:: Data provided ::
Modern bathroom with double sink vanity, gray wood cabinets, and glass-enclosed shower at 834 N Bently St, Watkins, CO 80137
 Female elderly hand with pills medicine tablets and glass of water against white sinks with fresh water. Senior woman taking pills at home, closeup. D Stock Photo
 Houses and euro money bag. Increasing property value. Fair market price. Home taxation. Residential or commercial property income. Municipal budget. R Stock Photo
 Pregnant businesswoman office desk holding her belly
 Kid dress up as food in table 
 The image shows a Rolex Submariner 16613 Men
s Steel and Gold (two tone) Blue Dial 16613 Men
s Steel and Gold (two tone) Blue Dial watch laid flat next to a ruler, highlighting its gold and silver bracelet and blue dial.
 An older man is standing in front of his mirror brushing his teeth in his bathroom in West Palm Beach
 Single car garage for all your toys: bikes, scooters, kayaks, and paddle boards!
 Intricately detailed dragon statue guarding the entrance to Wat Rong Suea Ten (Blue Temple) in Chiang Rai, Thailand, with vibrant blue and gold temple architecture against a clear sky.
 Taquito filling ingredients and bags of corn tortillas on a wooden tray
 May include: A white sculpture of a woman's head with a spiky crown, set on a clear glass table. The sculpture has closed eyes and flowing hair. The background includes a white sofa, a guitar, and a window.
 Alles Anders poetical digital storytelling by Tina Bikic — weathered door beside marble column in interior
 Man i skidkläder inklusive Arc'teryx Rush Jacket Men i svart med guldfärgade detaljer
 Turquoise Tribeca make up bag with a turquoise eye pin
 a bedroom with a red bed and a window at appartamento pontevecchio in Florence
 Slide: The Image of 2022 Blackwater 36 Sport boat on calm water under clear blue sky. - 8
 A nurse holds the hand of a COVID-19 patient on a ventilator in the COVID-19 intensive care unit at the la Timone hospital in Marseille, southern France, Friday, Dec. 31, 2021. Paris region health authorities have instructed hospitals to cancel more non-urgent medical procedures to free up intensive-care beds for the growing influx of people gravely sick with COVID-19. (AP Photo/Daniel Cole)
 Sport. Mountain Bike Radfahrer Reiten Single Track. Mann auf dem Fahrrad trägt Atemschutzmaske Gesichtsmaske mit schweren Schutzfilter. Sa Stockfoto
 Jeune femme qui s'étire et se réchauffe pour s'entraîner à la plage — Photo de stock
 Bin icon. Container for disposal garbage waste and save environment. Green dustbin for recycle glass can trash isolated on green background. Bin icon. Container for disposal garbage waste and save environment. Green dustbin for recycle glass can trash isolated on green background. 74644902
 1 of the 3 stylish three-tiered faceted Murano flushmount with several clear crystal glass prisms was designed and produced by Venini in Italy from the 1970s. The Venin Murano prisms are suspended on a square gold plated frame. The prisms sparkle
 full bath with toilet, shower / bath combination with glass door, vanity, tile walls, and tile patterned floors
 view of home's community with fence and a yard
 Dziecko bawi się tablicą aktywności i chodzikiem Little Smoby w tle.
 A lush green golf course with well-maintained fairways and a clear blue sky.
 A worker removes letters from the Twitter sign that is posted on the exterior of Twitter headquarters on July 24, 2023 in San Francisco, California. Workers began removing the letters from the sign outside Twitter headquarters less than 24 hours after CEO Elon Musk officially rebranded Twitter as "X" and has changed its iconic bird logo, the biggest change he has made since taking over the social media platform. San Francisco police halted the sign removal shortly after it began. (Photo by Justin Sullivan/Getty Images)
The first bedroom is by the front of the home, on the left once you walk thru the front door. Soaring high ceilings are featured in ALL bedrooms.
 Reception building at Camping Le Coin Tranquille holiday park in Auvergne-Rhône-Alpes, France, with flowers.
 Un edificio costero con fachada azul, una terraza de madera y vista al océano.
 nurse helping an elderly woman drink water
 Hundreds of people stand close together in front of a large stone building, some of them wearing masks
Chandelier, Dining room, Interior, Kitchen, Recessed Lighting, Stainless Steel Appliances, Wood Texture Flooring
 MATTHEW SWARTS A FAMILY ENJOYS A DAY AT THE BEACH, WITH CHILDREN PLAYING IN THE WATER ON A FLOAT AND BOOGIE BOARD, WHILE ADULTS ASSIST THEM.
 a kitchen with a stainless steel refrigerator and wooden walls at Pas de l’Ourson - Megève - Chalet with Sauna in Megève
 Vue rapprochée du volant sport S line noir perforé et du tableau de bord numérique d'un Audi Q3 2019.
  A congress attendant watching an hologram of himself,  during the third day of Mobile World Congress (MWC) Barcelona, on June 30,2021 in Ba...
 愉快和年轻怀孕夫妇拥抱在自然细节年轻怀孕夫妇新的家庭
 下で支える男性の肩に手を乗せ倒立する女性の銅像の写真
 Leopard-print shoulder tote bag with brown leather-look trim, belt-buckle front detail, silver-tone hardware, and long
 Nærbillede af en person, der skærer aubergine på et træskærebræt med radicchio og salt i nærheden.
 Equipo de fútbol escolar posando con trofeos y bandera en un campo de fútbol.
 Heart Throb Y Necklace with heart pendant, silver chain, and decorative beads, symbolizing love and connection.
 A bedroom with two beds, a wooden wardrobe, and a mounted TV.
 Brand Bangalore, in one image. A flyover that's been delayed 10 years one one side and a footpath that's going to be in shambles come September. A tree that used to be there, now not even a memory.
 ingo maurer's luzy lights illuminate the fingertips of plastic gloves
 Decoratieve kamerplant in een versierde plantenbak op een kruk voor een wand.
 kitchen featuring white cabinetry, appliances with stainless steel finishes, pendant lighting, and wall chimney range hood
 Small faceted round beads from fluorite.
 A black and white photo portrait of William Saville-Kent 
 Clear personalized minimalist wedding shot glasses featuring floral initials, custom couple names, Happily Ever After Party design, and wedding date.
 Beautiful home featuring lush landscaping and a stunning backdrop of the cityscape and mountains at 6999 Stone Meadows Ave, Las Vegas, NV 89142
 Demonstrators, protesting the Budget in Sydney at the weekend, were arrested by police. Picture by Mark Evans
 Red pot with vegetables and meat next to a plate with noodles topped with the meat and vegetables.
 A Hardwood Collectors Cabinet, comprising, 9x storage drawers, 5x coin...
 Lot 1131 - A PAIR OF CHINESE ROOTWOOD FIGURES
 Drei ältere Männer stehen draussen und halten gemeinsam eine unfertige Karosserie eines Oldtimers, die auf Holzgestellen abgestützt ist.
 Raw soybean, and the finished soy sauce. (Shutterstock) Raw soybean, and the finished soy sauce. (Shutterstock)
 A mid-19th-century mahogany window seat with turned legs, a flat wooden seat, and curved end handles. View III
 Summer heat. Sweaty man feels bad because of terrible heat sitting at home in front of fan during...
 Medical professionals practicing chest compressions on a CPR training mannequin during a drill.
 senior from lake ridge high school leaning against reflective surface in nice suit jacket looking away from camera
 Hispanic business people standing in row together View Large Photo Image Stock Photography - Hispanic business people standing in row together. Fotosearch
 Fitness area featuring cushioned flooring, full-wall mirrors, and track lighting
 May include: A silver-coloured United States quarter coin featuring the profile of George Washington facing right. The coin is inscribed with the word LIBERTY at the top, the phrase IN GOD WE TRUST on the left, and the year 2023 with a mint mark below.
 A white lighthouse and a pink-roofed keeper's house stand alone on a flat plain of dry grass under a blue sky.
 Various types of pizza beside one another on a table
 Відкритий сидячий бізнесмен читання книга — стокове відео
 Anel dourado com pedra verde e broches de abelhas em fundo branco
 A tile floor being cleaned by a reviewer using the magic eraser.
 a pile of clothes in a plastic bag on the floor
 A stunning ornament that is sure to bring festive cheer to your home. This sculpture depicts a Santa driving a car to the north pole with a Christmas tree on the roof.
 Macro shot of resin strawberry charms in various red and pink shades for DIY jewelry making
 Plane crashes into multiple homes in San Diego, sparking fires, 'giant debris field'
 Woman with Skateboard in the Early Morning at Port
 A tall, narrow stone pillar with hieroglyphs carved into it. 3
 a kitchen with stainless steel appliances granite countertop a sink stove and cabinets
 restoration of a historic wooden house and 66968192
:::
Output must consist only of the listing's lines from the first through the line with "Female elderly hand", reproduced word for word.

* Answer section
Modern bathroom with double sink vanity, gray wood cabinets, and glass-enclosed shower at 834 N Bently St, Watkins, CO 80137
 Female elderly hand with pills medicine tablets and glass of water against white sinks with fresh water. Senior woman taking pills at home, closeup. D Stock Photo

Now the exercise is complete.